*** Opening Records provided ***

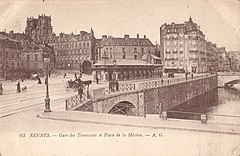 RENNES - Gare des tramways et Place de la Mission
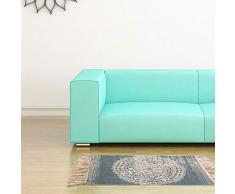 Sumshy Alfombra etnica Bohemia algodón y Ropa Alfombra Sala alfombras de habitacion de Estar Dormitorio cabecera Alfombra étnica Vintage Borla de Viento - 80x50cm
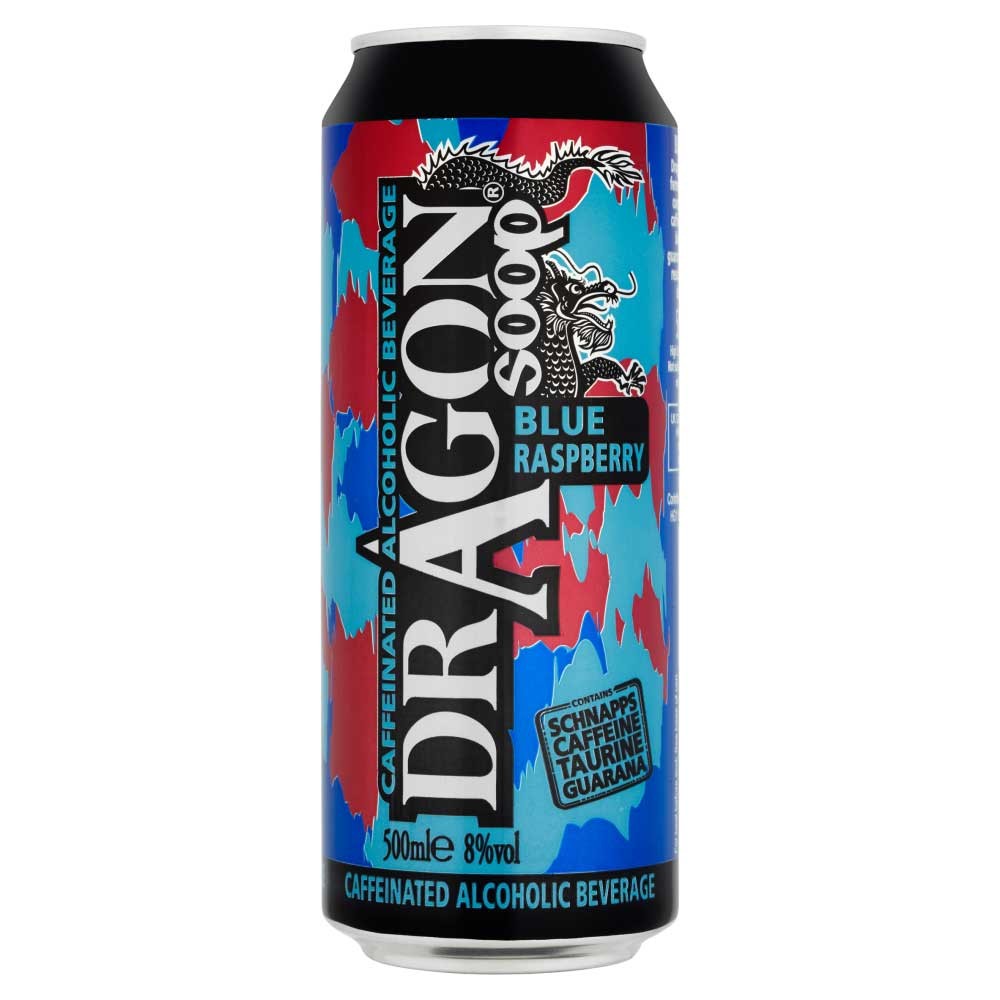 Buy Dragon Soop Blue Raspberry 500ml/ 8%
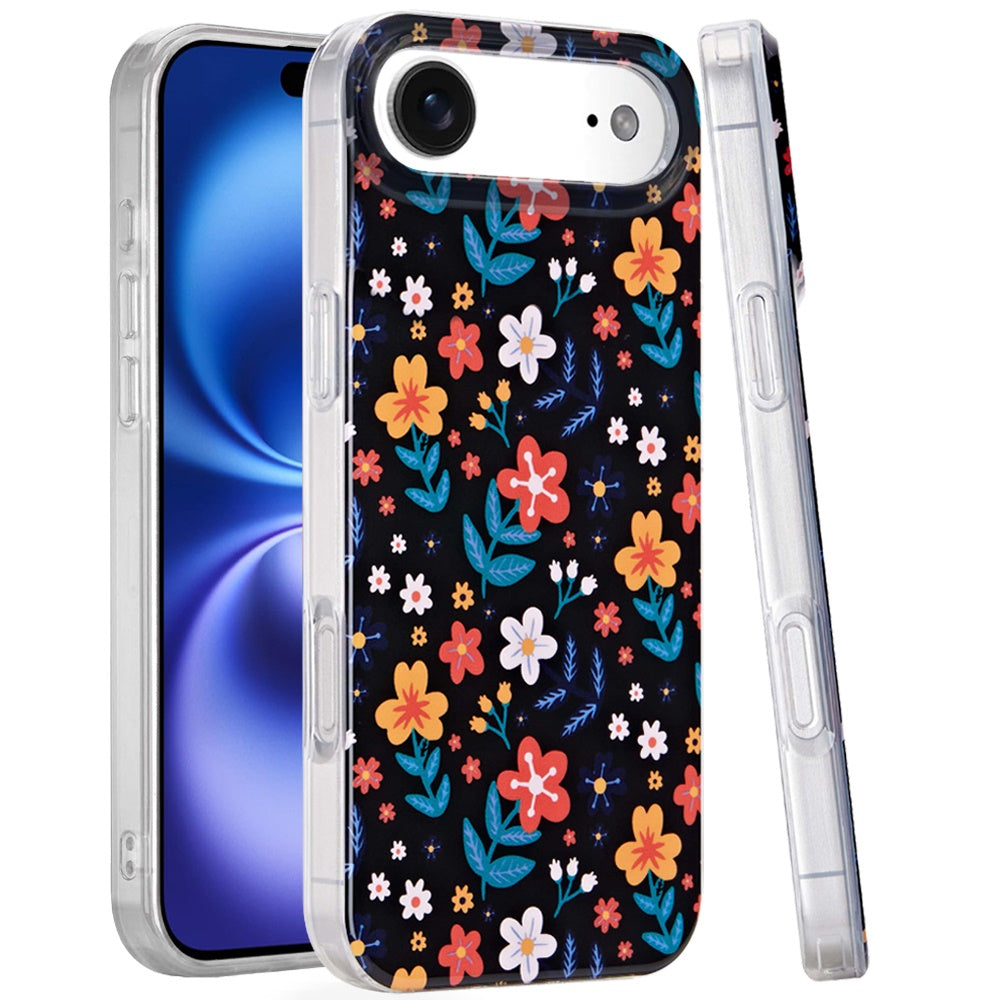 iPhone 17 Air Magnetic Circle Case – Nightly Floral - iPhone17accs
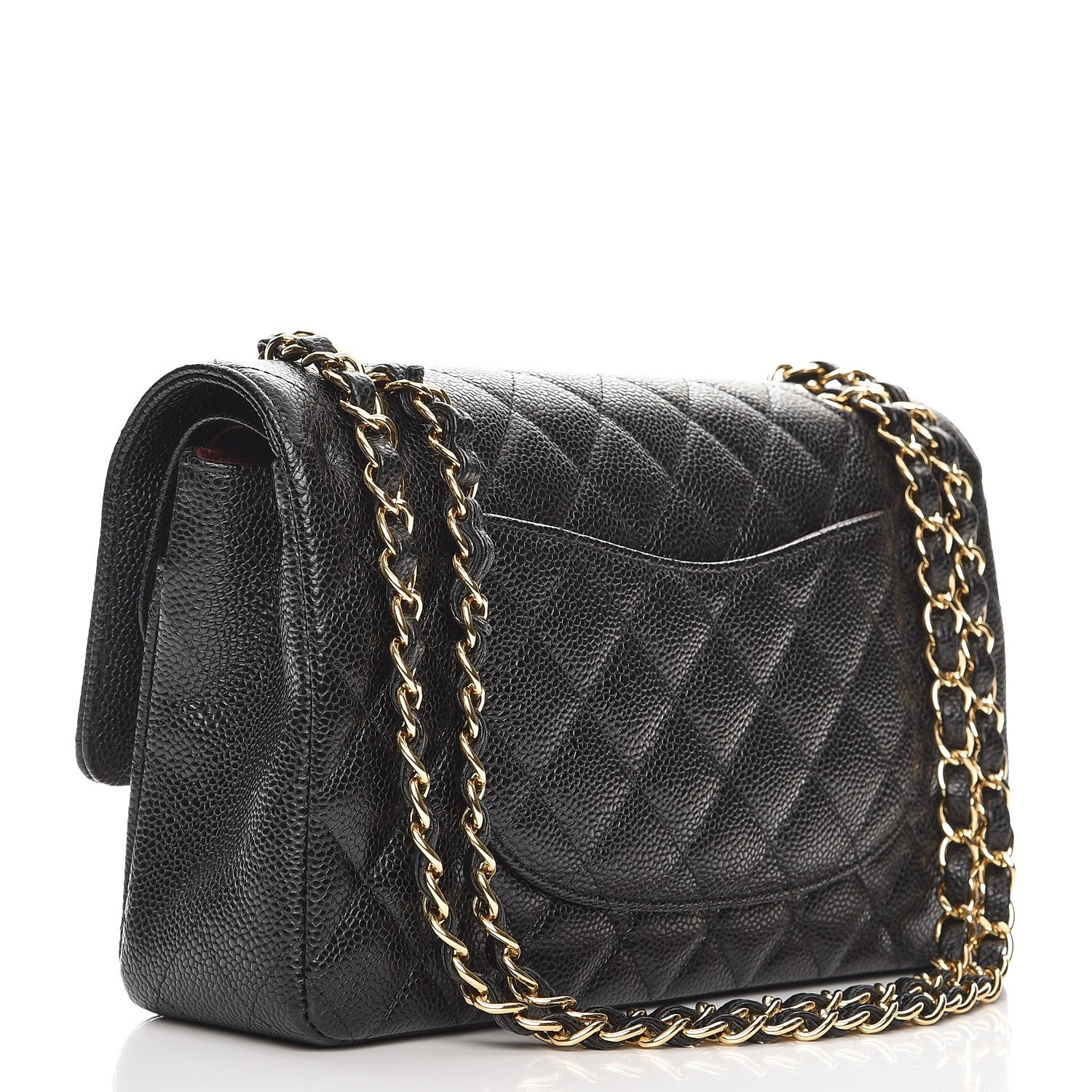 Chanel Caviar Quilted Medium Double Flap Black 4 of 9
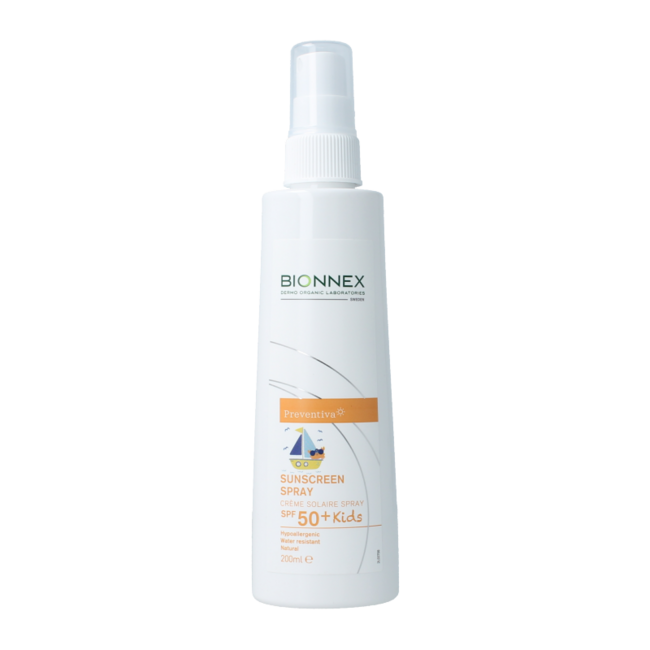 Bionnex Preventiva crema solare spray per bambini SPF50+ 200 Millilitri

*** Closing Records provided ***

Each record above goes into the copy word for word; the pictures do not.

 RENNES - Gare des tramways et Place de la Mission
 Sumshy Alfombra etnica Bohemia algodón y Ropa Alfombra Sala alfombras de habitacion de Estar Dormitorio cabecera Alfombra étnica Vintage Borla de Viento - 80x50cm
 Buy Dragon Soop Blue Raspberry 500ml/ 8%
 iPhone 17 Air Magnetic Circle Case – Nightly Floral - iPhone17accs
 Chanel Caviar Quilted Medium Double Flap Black 4 of 9
 Bionnex Preventiva crema solare spray per bambini SPF50+ 200 Millilitri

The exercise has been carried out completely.